** PROVIDED RECORDS follows **

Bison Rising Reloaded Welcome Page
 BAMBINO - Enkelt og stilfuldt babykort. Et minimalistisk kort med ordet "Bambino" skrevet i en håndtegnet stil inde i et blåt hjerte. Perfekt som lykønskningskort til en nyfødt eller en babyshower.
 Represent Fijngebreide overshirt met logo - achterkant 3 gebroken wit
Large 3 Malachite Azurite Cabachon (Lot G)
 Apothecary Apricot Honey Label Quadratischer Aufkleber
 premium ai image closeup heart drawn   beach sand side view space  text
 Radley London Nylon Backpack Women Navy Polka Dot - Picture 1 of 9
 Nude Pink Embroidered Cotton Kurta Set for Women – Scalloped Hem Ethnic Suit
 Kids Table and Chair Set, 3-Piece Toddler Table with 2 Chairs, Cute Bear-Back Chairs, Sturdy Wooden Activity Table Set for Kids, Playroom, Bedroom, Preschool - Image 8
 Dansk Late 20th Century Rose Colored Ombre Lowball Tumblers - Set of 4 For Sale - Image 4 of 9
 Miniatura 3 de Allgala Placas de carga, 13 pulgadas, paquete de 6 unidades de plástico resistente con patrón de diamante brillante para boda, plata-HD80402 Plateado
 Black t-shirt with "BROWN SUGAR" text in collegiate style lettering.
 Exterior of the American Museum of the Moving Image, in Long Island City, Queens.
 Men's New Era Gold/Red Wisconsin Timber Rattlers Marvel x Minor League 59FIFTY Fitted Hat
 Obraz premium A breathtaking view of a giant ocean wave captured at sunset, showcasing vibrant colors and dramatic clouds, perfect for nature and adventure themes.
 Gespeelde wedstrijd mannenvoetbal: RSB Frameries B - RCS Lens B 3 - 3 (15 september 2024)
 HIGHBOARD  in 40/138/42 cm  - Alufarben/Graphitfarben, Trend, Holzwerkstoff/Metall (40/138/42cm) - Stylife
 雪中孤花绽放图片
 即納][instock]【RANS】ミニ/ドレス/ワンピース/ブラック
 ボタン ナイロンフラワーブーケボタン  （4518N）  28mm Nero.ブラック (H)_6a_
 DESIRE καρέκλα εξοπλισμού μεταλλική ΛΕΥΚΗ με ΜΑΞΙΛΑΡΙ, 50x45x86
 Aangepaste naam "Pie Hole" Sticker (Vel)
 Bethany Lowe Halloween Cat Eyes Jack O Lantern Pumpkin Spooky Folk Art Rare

** End of PROVIDED RECORDS **

● **PROBLEM DETAILS**
Copy the lines of the entries above that mention "with".

● **SOLUTION**
 Kids Table and Chair Set, 3-Piece Toddler Table with 2 Chairs, Cute Bear-Back Chairs, Sturdy Wooden Activity Table Set for Kids, Playroom, Bedroom, Preschool - Image 8
 Black t-shirt with "BROWN SUGAR" text in collegiate style lettering.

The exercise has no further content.